▶ **REQUIRED ACTION**:
Among the entries that follow, the required portion opens with the line containing "30 ������ 2024" and closes with the line containing "#7 Chicoreus microphyllus". Give that portion again exactly, and nothing else.

▶ **RECORDS TO USE**:
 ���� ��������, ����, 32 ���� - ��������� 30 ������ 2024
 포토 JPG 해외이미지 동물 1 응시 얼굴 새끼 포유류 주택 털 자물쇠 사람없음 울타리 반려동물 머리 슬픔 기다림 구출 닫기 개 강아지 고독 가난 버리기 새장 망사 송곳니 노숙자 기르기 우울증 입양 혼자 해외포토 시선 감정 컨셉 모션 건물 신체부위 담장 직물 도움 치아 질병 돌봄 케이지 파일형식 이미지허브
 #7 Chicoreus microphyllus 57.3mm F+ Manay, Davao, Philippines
* * *
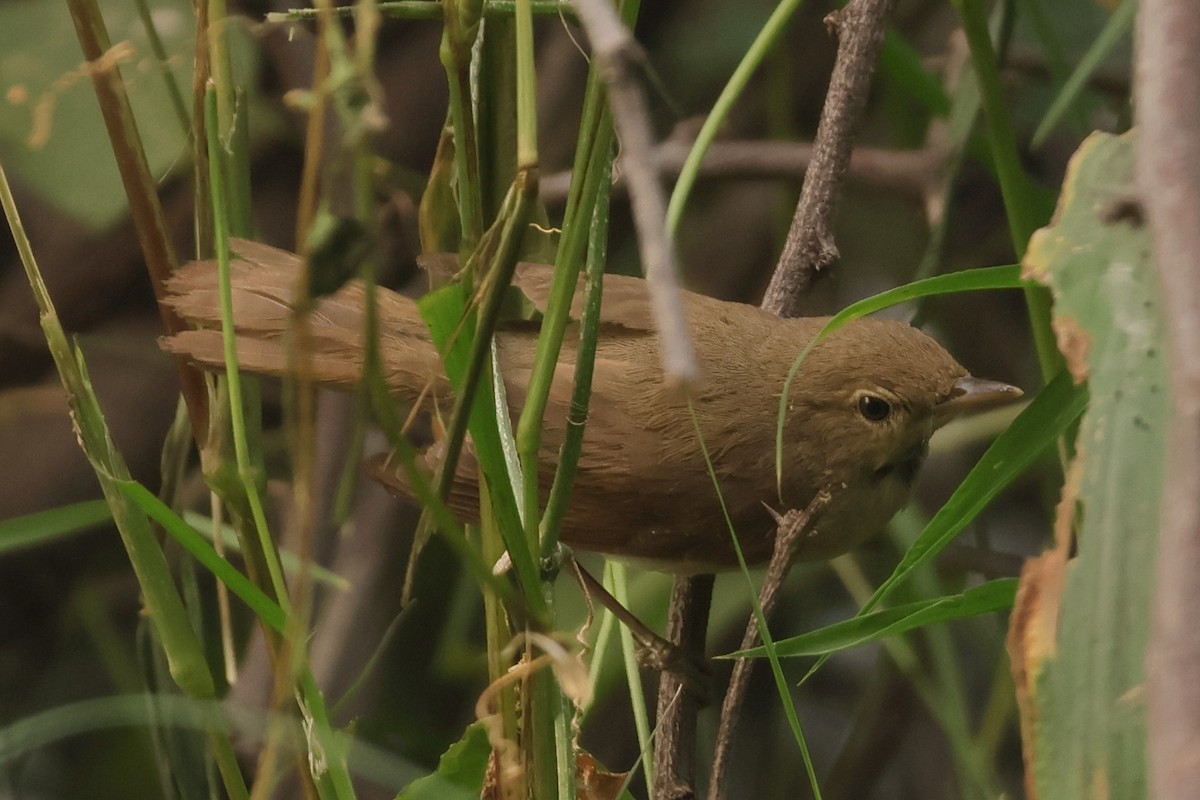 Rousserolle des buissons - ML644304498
...
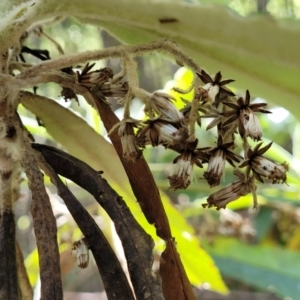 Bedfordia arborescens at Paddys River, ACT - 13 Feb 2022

▶ **RESULT BELOW**:
 ���� ��������, ����, 32 ���� - ��������� 30 ������ 2024
 포토 JPG 해외이미지 동물 1 응시 얼굴 새끼 포유류 주택 털 자물쇠 사람없음 울타리 반려동물 머리 슬픔 기다림 구출 닫기 개 강아지 고독 가난 버리기 새장 망사 송곳니 노숙자 기르기 우울증 입양 혼자 해외포토 시선 감정 컨셉 모션 건물 신체부위 담장 직물 도움 치아 질병 돌봄 케이지 파일형식 이미지허브
 #7 Chicoreus microphyllus 57.3mm F+ Manay, Davao, Philippines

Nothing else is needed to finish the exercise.